資料展「沈黙の時代──トンチャイ・ウィニッチャクン著作とタイ現代史」

小林磨理恵

2023年10月

タイの歴史学者トンチャイ・ウィニッチャクン氏が、2023年福岡アジア文化賞大賞を受賞したことを記念し、アジア経済研究所(以下、アジ研)図書館では、同氏の著作74点を集めた資料展「沈黙の時代──トンチャイ・ウィニッチャクン著作とタイ現代史」を開催した(2023年8月1日〜9月28日)。会期を終えた今、資料展の内容を振り返りたい。

なお、本文中に言及した著作には、脚注にて書誌情報を示したほか、著作名から当館蔵書検索システム(OPAC)の書誌データにリンクされるようにした。本コラムがトンチャイ氏著作への案内役となれば幸いである。

写真1 資料展の様子

写真1 資料展の様子
沈黙は忘れることではない

本展の名「沈黙の時代(Age of Silence)」は、トンチャイ氏の著作Moments of Silence: The Unforgetting of the October 6, 1976, Massacre in Bangkok(沈黙のとき──忘れていない1976年10月6日、バンコクでの虐殺)1に由来する。本書は10月6日事件をめぐる「沈黙」に光を当てたものだが、トンチャイ氏の著作全体を見渡せば、それらが19世紀末以降のタイの近現代史にかんする内容であること、また「沈黙」は、タイ近現代史に通底する主題にもなり得ると考えたことから、本展の名を「沈黙の時代」と表現した。

Moments of Silenceにおける「沈黙」は、何を意味しているのか。トンチャイ氏は本書でこのように説明している(筆者仮訳)。

「沈黙は、忘れることではない。それは、思い出すことも忘れることもできない状態、記憶を分かりやすく意味のある方法で表現できない状態、あるいは、過去から完全に離れることができない状態をいう。私は、この記憶と忘却の間にある状態を『忘れていない』“unforgetting” と呼ぶ。1976年10月6日にバンコクで起きた虐殺の、忘れていないことを述べよう。」(p.9)

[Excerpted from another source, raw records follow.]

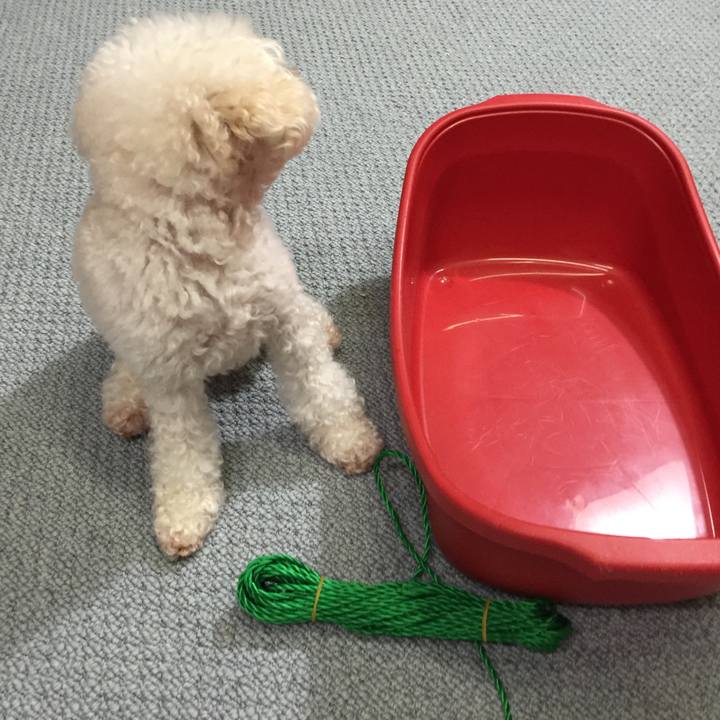 93b89966 5097 40d8 b2ae 18ab1364f046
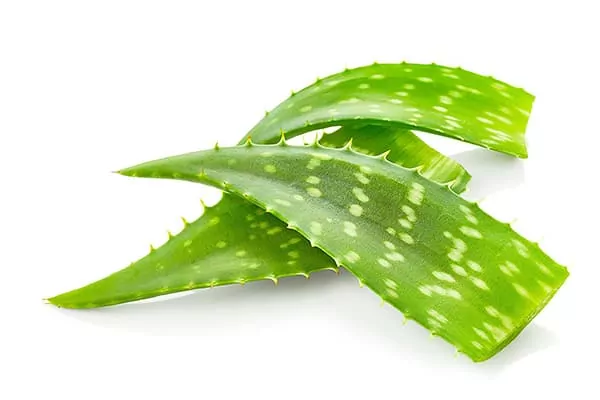 You are currently viewing Comment couper les feuilles d’aloe vera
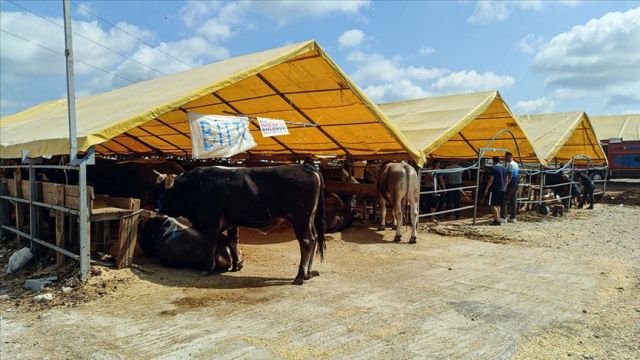 Satılamayan Kurbanlıkları O Kurum Alacak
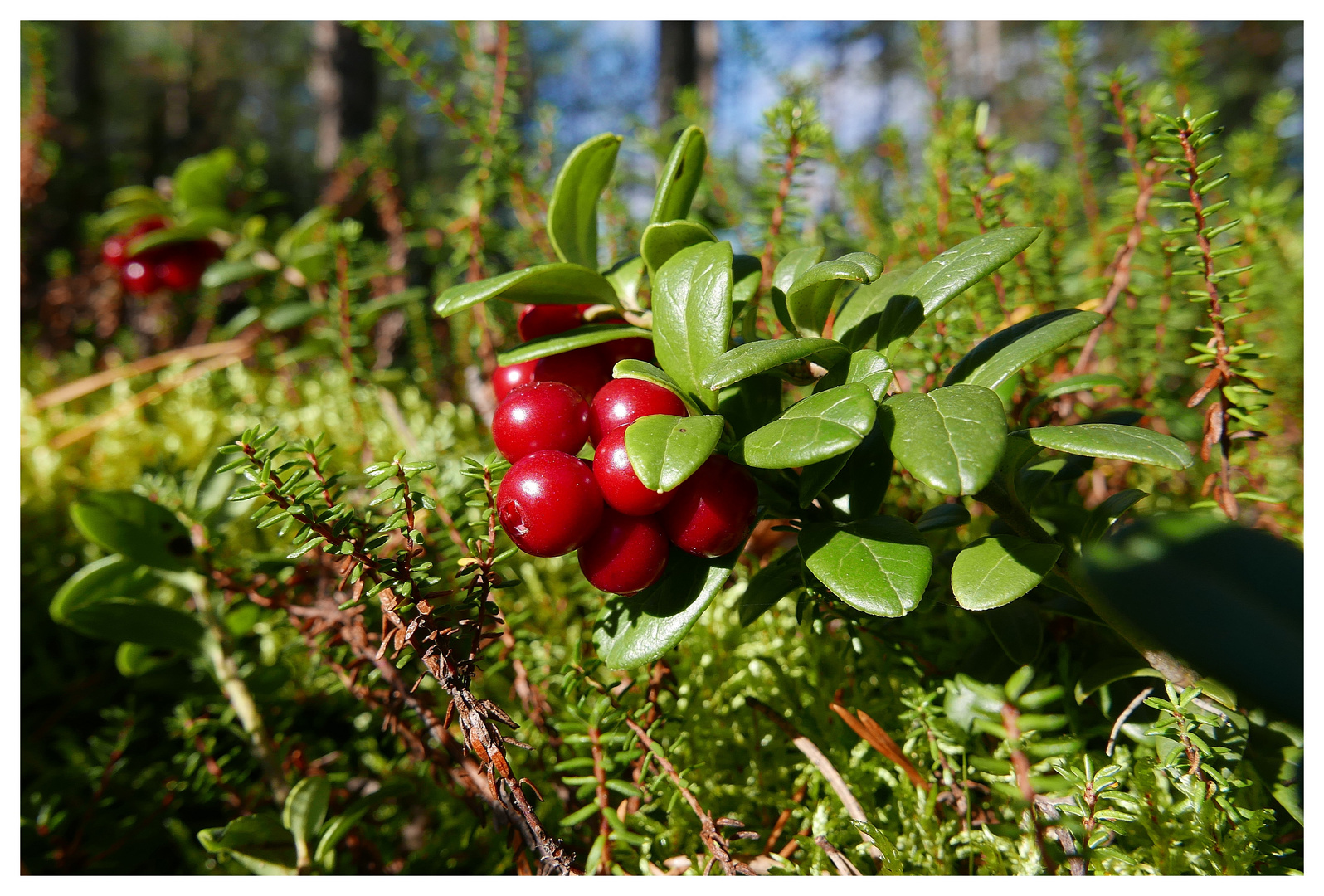 Preiselbeeren in Finnland.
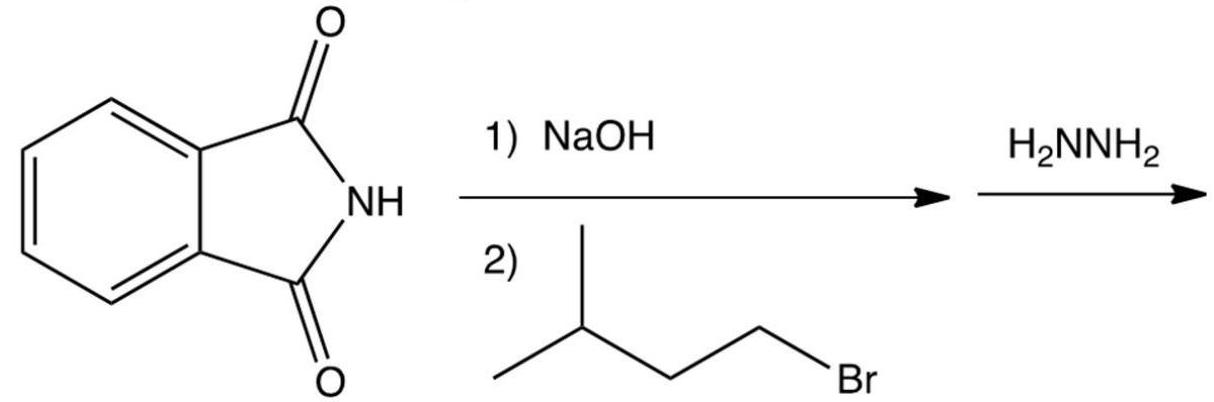  Which of the following is the product of the reaction shown below?      A)   \left(\mathrm{CH}_{3}\right) _{2} \mathrm{CHCH}_{2} \mathrm{CH}_{2} \mathrm{NHNH}_{2}  B)   \left(\mathrm{CH}_{3}\right) _{2} \mathrm{CHCH}_{2} \mathrm{CH}_{2} \mathrm{NH}_{2}  C)   \left[\left(\mathrm{CH}_{3}\right) _{2} \mathrm{CHCH}_{2} \mathrm{CH}_{2}\right]_{2} \mathrm{NH}  D)   \left(\mathrm{CH}_{3}\right) _{2} \mathrm{CHCH}_{2} \mathrm{CH}_{2} \mathrm{CONH}_{2}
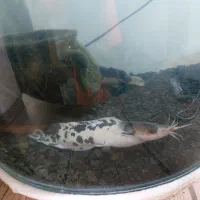 ماهی|ماهی|تربت جام, مسکن مهر|دیوار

「記憶と忘却の間には、生きた沈黙があると主張したい。音楽では、曲と曲の合間に静寂がある。それは、生きて音楽を構成する不可欠な要素である。[……]もしも記憶が、音楽や映像のようなものであれば、沈黙は、無音声の、あるいは目に見えない記憶の一部なのだ。」(p.18)

1976年10月6日、タイ・タマサート大学構内で、国境警察や右翼大衆組織により、多数の学生や市民が虐殺された。「10月6日事件」と呼ばれるこの事件を生き延びた学生の一人が、トンチャイ氏である。トンチャイ氏は、タマサート大学の学生自治会副委員長として反政府デモの先頭に立っていた。同日夕方のクーデタののちに逮捕され、2年に及ぶ獄中生活を経験した2

事件から40年以上を経て出版されたMoments of Silenceは、トンチャイ氏が人生の使命として取り組んだ書である。10月6日事件の背景はいまだ検証されていないが、その真相の追及が目的ではない。事件を「沈黙」する間に、何がどのように記憶されてきたかを明らかにする試みである。

生き証人として、歴史学者として10月6日事件に向き合う

「アジ研図書館が所蔵する最も古いトンチャイ氏著作」として最初に紹介したものは、月刊評論誌『本の道』(タイ語)に掲載された「左派と書店(これはタイの話ではありません)」3と題する記事である。1983年のオーストラリア・シドニー大学留学中に執筆したもので、シドニーの書店を5つに類型化し、その一つとして左派系の書店を解説した。これがどこの書店の話であるかは終盤まで明かされない。あらゆる可能性に想像をめぐらせ、考え抜くことの重要性を説くトンチャイ氏の姿勢が、この頃すでに表れていた。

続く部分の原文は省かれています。